Work instruction: In the records below, find the line that contains "シンプルネイル／ラメグラデ" and the line that contains "Seam It All V-Neck Sweater". Set down exactly those lines and every line between them, and nothing more.

The data:
====

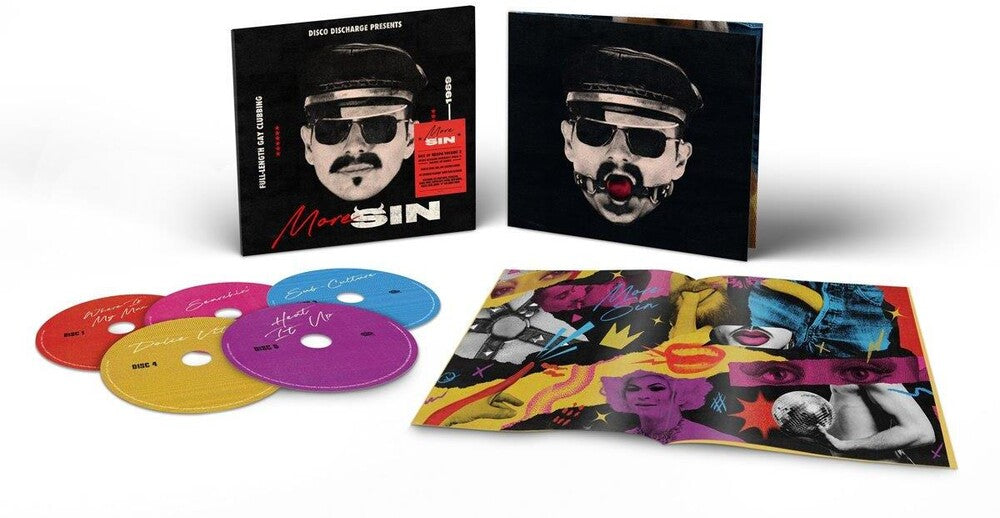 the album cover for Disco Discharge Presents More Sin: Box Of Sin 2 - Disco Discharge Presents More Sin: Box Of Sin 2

====

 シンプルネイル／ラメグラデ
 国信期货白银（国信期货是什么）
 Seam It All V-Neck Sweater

====

The answer:
 シンプルネイル／ラメグラデ
 国信期货白银（国信期货是什么）
 Seam It All V-Neck Sweater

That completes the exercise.